### Exercise
Below is a listing with pictures in it. Copy it exactly without them.
*** Source data ***
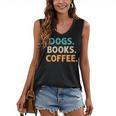 Dogs Books Coffee Book Lover Dogs Coffee Women's V-Neck Tank Top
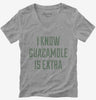 I Know Guacamole Is Extra Womens Vneck
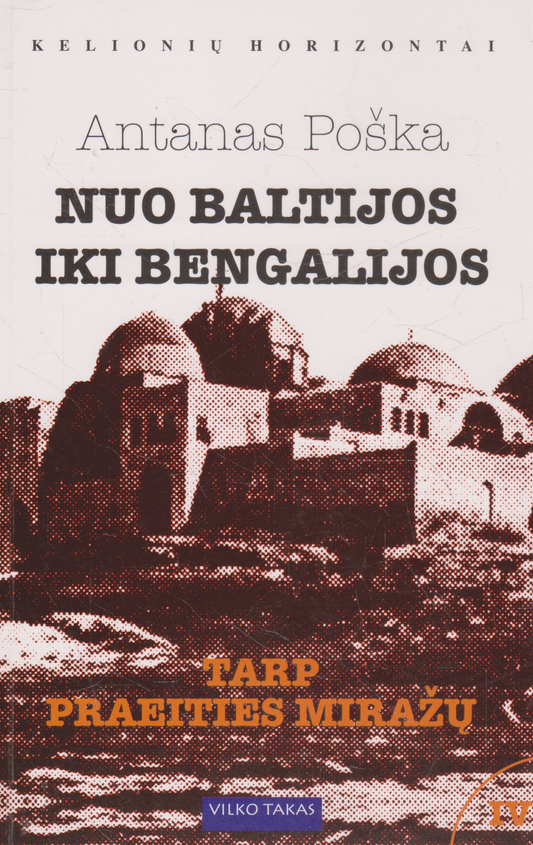 Antanas Poška - Nuo Baltijos iki Bengalijos IV: Tarp praeities miražų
*** End of Source data ***
### Written answer
 Dogs Books Coffee Book Lover Dogs Coffee Women's V-Neck Tank Top
 I Know Guacamole Is Extra Womens Vneck
 Antanas Poška - Nuo Baltijos iki Bengalijos IV: Tarp praeities miražų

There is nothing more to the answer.